Kaufman Footwear, formerly the Kaufman Rubber Company, was a shoe manufacturing company in Kitchener, Ontario, that produced well-known brands such as Sorel winter boots, Kingtread work boots, Foamtread slippers, and Black Diamond industrial footwear. The company had sales warehouses across Canada.
The Kaufman Rubber Company was founded by Jacob Kaufman in 1907. Around that time, the Canadian Consolidated Rubber Company of Montreal purchased most of the smaller rubber companies in Canada, including the two in Berlin (now Kitchener): the Berlin Rubber Manufacturing Company and Merchants Rubber Company. Jacob had been involved with both of these companies, and his son Alvin Ratz (A.R.) Kaufman, who had worked at Merchants Rubber, persuaded him to organize another rubber company.
The Kaufman plant opened in 1908 with 350 employees. It was constructed on about 4 acres of land at King and Victoria Streets and produced rubber footwear for both domestic and foreign markets. After Jacob Kaufman’s death in 1920, A.R. Kaufman became president of the company until he retired in 1964. During this time, the company’s product line expanded to include heavy rubber clothing for industries such as fishing, mining, firefighting, and meat packing. During the two World Wars it produced special footwear and gas masks for the Canadian forces.
By the 1950s, the Canadian rubber footwear industry was feeling the impact of competing imported products, and so Kaufman Rubber began manufacturing footwear made from synthetic materials. The most popular of these were Foamtread slippers, introduced in 1953. In 1954, the company pioneered the slush-moulding of waterproof footwear from polyvinyl chloride (PVC) under the name Showertogs.

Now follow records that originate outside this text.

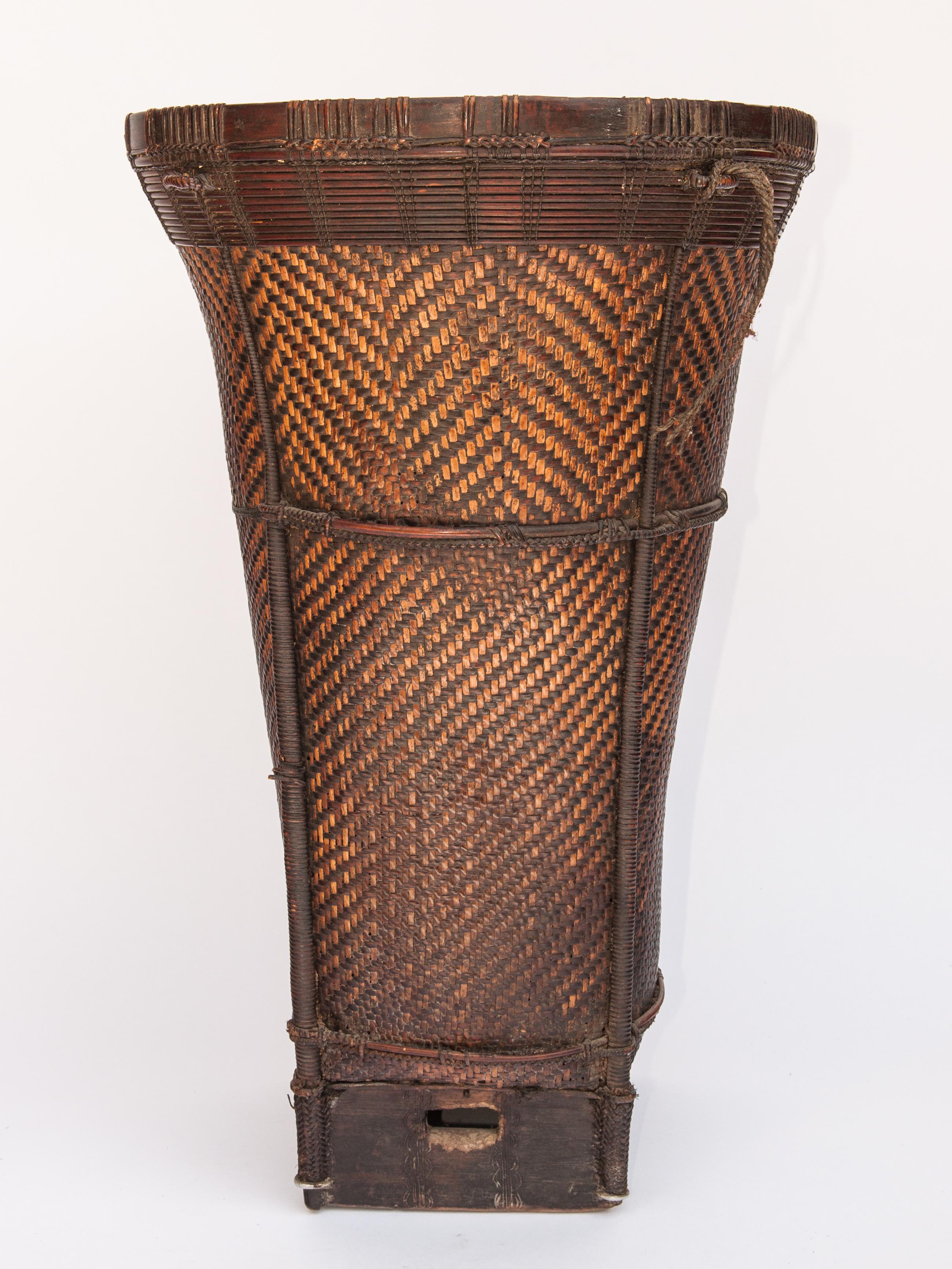 Vintage Tribal Carrying Basket from Ata Pue, Laos, Mid-20th Century 3
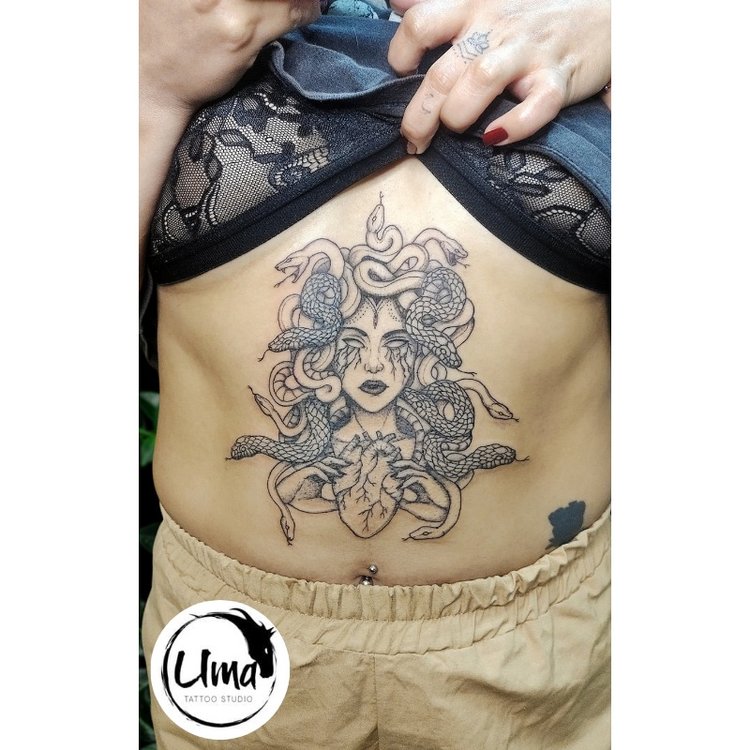 Tatuaje de Naomi Brianza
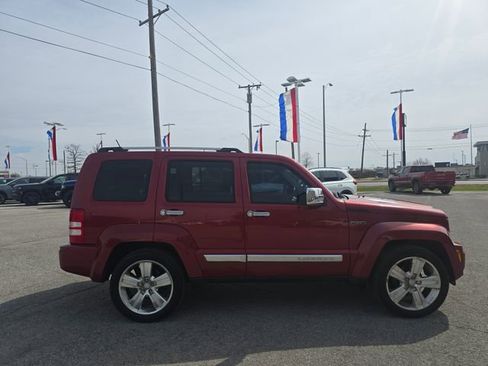 Used 2012 Jeep Liberty Limited Jet w/ Comfort/Convenience Group image 4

It also entered the leather work boot market with its Kingtreads name, and eventually offered a hiking and hunting boot known as Badlanders as well. The Sorel line of winter sport and work boots, introduced in 1959, became Kaufman Rubber’s most successful product line.
In 1964, the company changed its name to Kaufman Footwear Limited, perhaps to reflect its diversity of products as the company was not entirely a rubber manufacturer any more. That year, A.R. Kaufman’s son William H. Kaufman became company president.
After A.R. Kaufman’s death in 1979 Kaufman Footwear became Kaufman Footwear, division of William H. Kaufman Inc. In 1997 Tom Kaufman, son of William H. Kaufman, was named president. In 2000 Kaufman Footwear declared bankruptcy.
The Kaufman Rubber Company plant at the corner of Victoria and King Streets in Kitchener was designated in 1996 by the Kitchener Local Architectural Conservancy Advisory Committee (LACAC, now Heritage Kitchener) as architecturally and historically significant. The industrial complex was designed by Albert Kahn, an important industrial architect of the early 20th century. The building has been converted into condominiums.